In this case, the prompt can be built using a system message and a ‘human’ message. A system message or prompt allows you to provide instructions and context to an LLM before presenting it with a question or task. These include task instructions and objectives, rules and guidelines, personality traits, conversational roles, and tone guidelines. The ‘human’ message is the question followed by the context.
To address the security challenge in this example, the first possible measure is to change the rules and guidelines in a system prompt to highlight information that the AI Assistant cannot share. This provides some security but can unfortunately still be jailbroken.
The next step is to add so-called guardrails, which involve using LLMs to check LLMs. These can be input guardrails blocking inappropriate user messages or topics and preventing jailbreaking. On the other hand, output guardrails can be introduced to verify the LLM’s response, based on hallucination/fact checking and moderation. Again, research testing has shown that input guardrails can still be easily bypassed. Applying output guardrails can provide an additional security layer.
Another thing to consider is that the RAG application suffers from a design flaw in that it can retrieve sensitive information without the notion of access control.
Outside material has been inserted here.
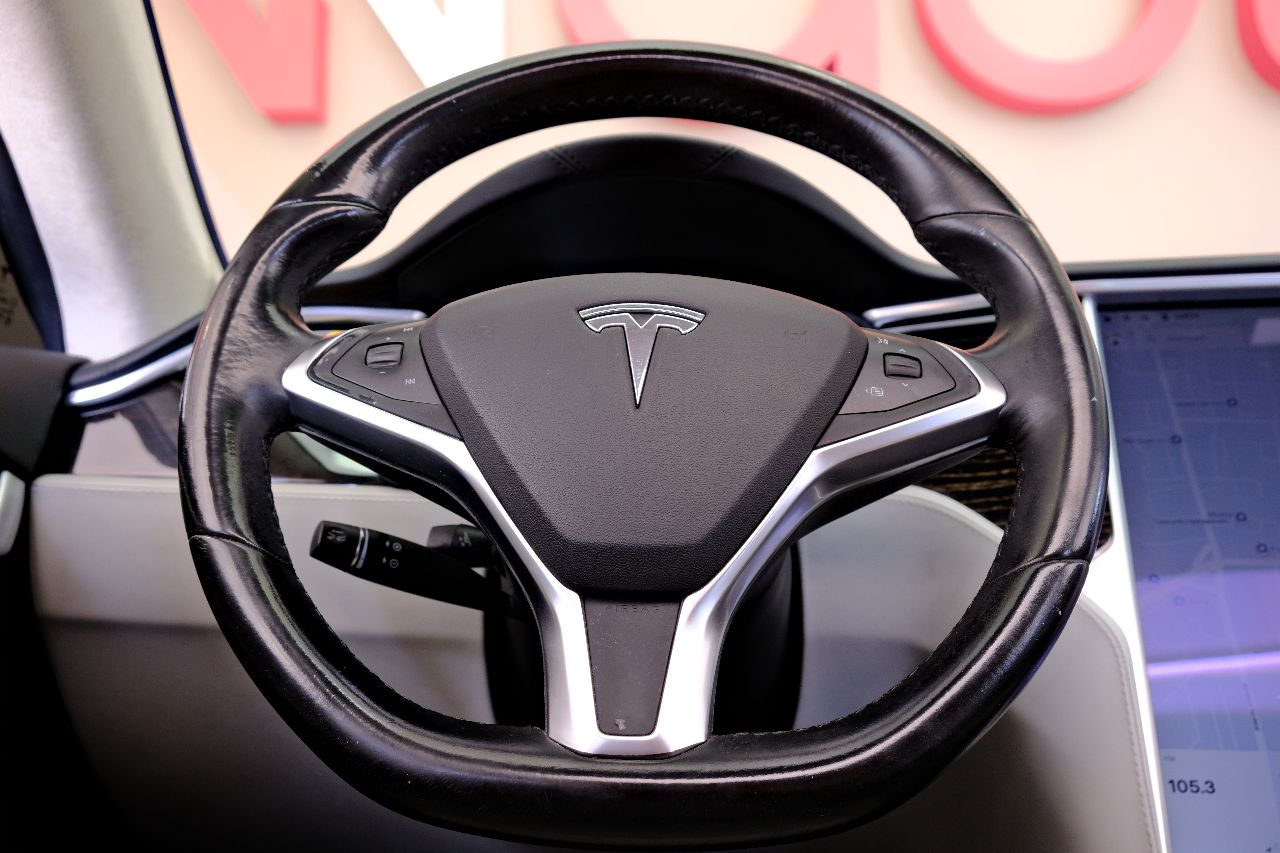 Tesla Model S - фото 8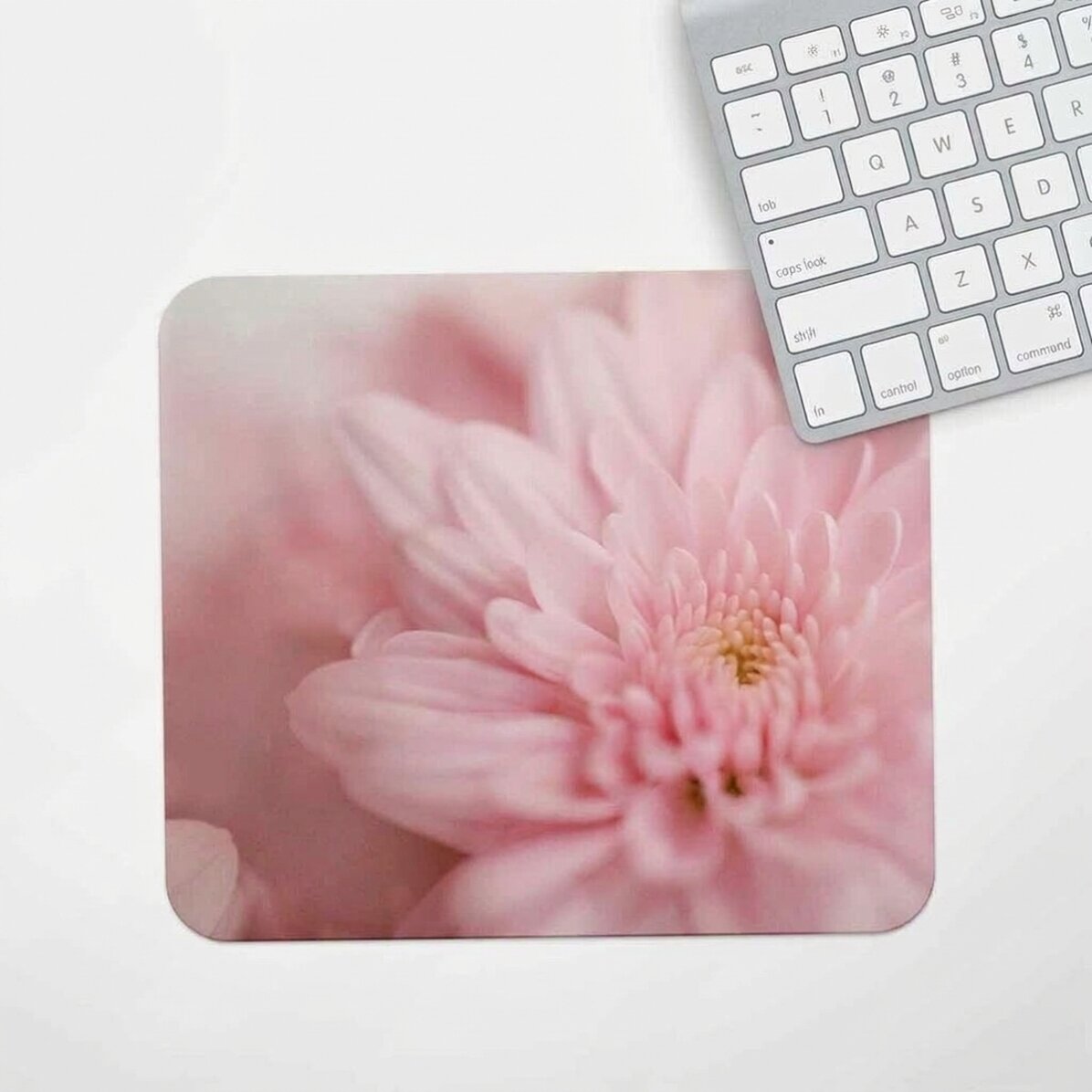 Individuell gestaltetes Mauspad mit Blumenmotiv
To make the application more secure user permissions should be propagated through the RAG application and retrieval process. However, limiting user access also limits the utility of these users.
The next frontier?
Securing Large Language Models (LLMs) is a complex challenge with much work still to be done. Moreover, there is no (practically usable) software verification for machine learning, only rigorous security testing can be done. There is a security-utility trade-off to be made as well. What the model doesn’t know, it cannot leak, but the less it knows, the less useful it becomes. Then the real problem of separation between data and control pane, as discussed, will continue to cause headaches in the pursuit of competent agents like assistants.
LLM security demands a defence-in-depth approach. This involves proactively identifying potential threats during the design phase through threat modeling. Rigorous testing, including stress testing and red teaming, is crucial during development and deployment to uncover vulnerabilities. Implementing input and output guardrails, as discussed, helps prevent malicious inputs and harmful outputs. Finally, establishing robust detection and response mechanisms is essential for effectively identifying and mitigating security incidents.
Fortunately, several frameworks can be used to help organize security for LLMs, including Cybersec 2 (Meta’s cybersecurity evaluation suite), PyRit (a Microsoft tool for automated Red Teaming of LLM Apps), Nemo Guardrails (Nvidia guardrails), OWASP Top 10 for LLM Applications (Top 10 threats—qualitative), and the NIST AI RMF playbook (Risk Management for ML).
Finally, collaboration between academic LLM security researchers and businesses is essential for paving the way for more robust and secure LLM applications. By joining forces, researchers can gain invaluable insights into real-world challenges and threats, while businesses can benefit from cutting-edge research to protect their LLM systems. This partnership will accelerate the development of secure LLM technologies, ultimately fostering a safer rapidly evolving digital landscape.